When YARN application is deployed into a YARN cluster it consists of two parts, Application Master and Containers. Application master is a control program responsible of handling applications lifecycle and allocation of containers. Containers are then where a real heavy lifting is done. In case of a stream there is always minimum of 3 containers, one for application master, one for sink and one for source. When running tasks there is always one application master and one container running a particular task.

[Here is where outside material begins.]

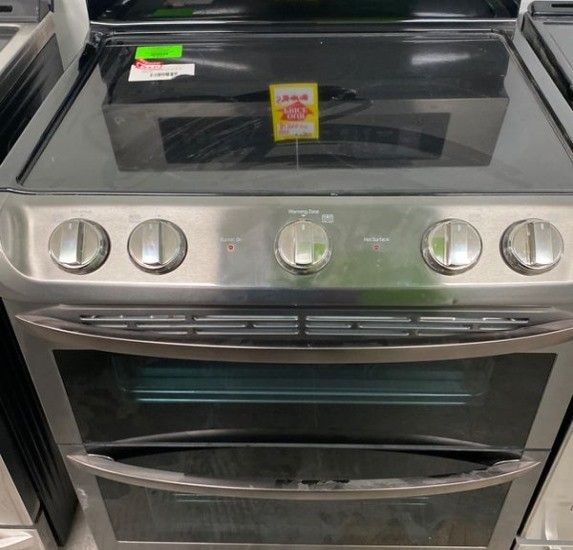 Stove / Oven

Needed application files are pushed into hdfs automatically when needed. After stream and task is used once hdfs directory structure would like like shown above.

/dataflow/apps
/dataflow/apps/stream
/dataflow/apps/stream/app
/dataflow/apps/stream/app/application.properties
/dataflow/apps/stream/app/servers.yml
/dataflow/apps/stream/app/spring-cloud-deployer-yarn-appdeployerappmaster-1.0.0.BUILD-SNAPSHOT.jar
/dataflow/apps/task
/dataflow/apps/task/app
/dataflow/apps/task/app/application.properties
/dataflow/apps/task/app/servers.yml
/dataflow/apps/task/app/spring-cloud-deployer-yarn-tasklauncherappmaster-1.0.0.BUILD-SNAPSHOT.jar
[Note]Note

/dataflow/apps can deleted in case application version is changed or configuration related to servers.yml is modified. Once created these files are not overridden.

Application artifacts are cached under /dataflow/artifacts/cache directory.

/dataflow/artifacts
/dataflow/artifacts/cache
/dataflow/artifacts/cache/hdfs-sink-rabbit-1.0.0.RC1.jar
/dataflow/artifacts/cache/time-source-rabbit-1.0.0.RC1.jar
/dataflow/artifacts/cache/timestamp-task-1.0.0.RC1.jar
[Important]Important

Artifact caching is happening on two levels, firstly on a local disk where server is running, and secondly in a hdfs cache directory. If working with snapshots or own development, it may be required to wipe out /dataflow/artifacts/cache directory and do a server restart.